Image-caption web data:
__________________________________________________

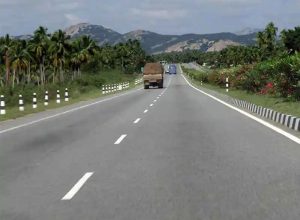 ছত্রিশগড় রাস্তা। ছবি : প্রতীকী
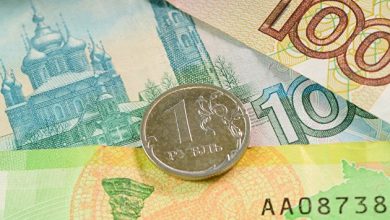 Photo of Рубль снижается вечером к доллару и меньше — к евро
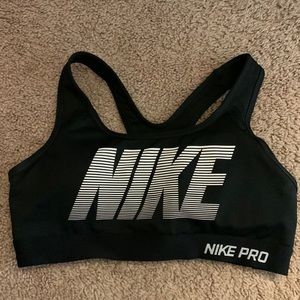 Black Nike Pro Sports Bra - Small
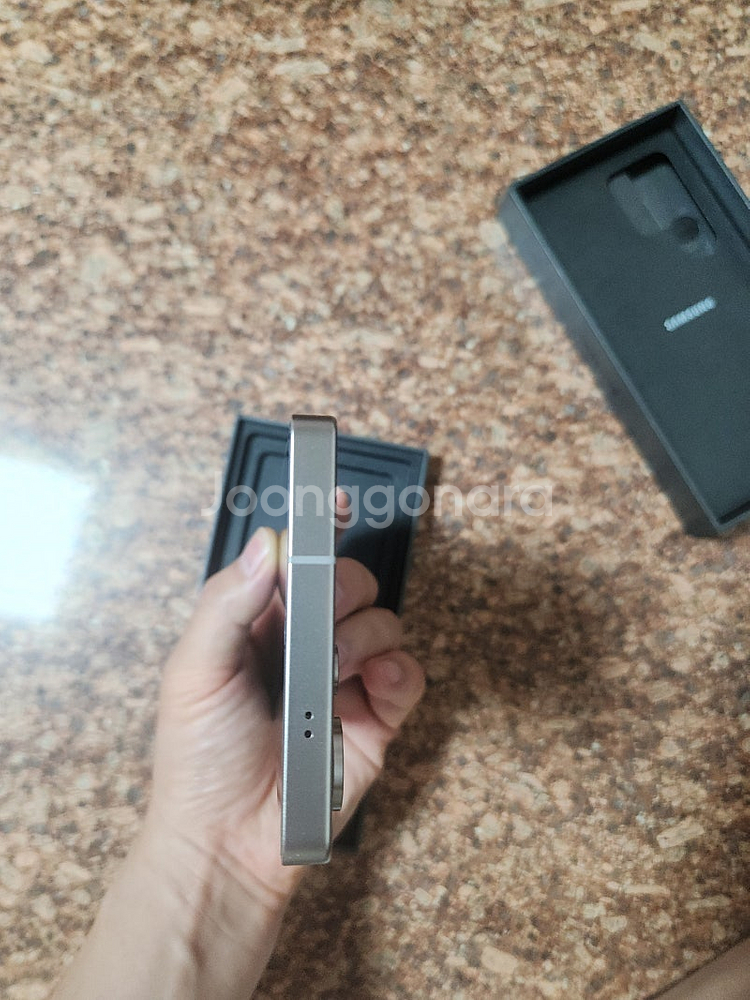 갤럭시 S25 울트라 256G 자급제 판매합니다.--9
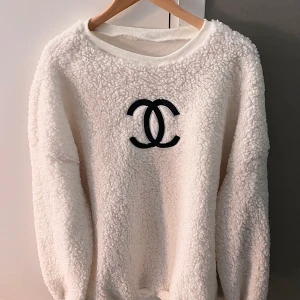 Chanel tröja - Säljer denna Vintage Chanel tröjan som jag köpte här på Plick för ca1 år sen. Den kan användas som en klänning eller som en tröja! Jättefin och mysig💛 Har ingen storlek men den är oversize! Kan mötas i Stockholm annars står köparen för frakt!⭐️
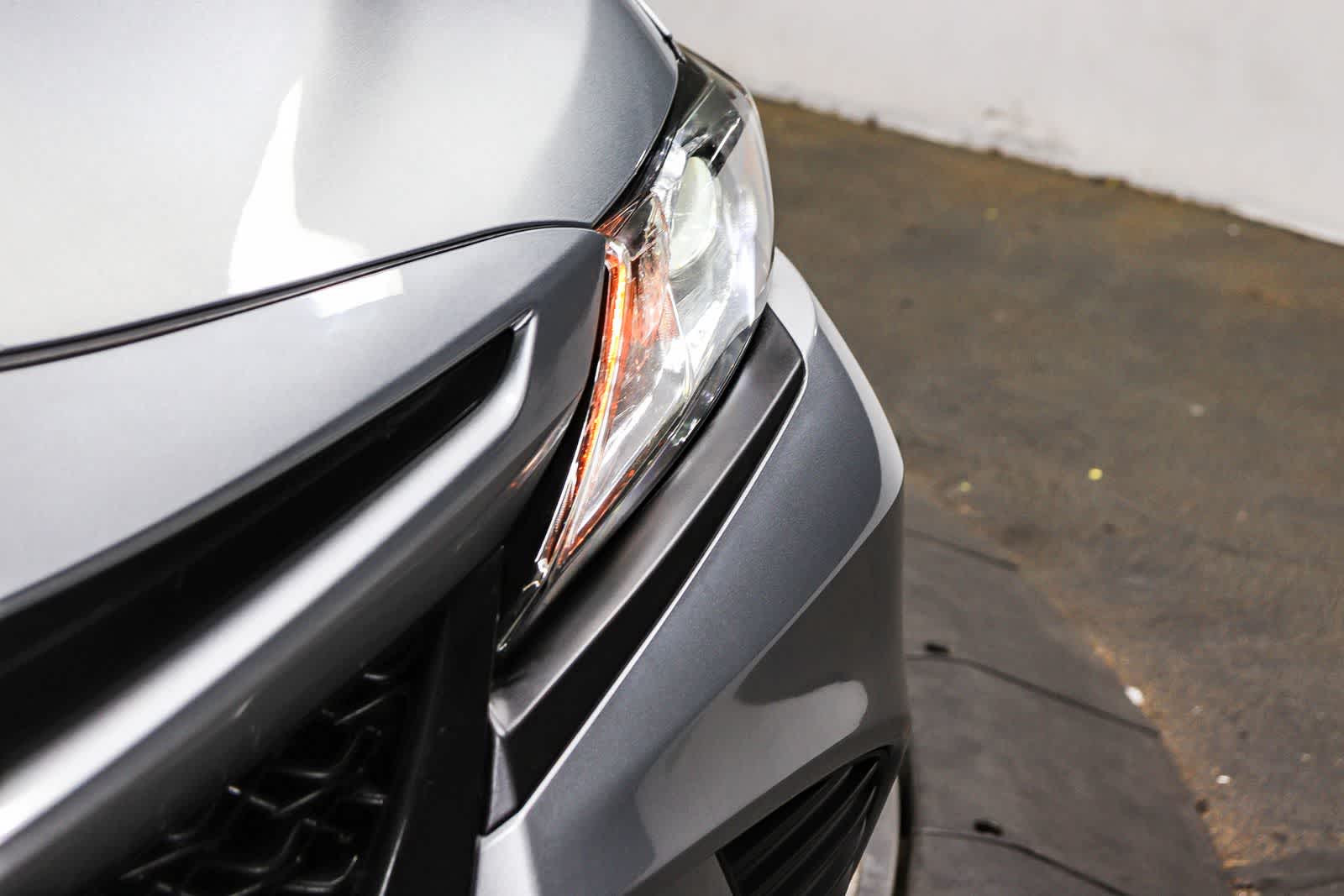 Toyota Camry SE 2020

__________________________________________________

Keeping every word as it is, write out all the data and omit the pictures.

 ছত্রিশগড় রাস্তা। ছবি : প্রতীকী
 Photo of Рубль снижается вечером к доллару и меньше — к евро
 Black Nike Pro Sports Bra - Small
 갤럭시 S25 울트라 256G 자급제 판매합니다.--9
 Chanel tröja - Säljer denna Vintage Chanel tröjan som jag köpte här på Plick för ca1 år sen. Den kan användas som en klänning eller som en tröja! Jättefin och mysig💛 Har ingen storlek men den är oversize! Kan mötas i Stockholm annars står köparen för frakt!⭐️
 Toyota Camry SE 2020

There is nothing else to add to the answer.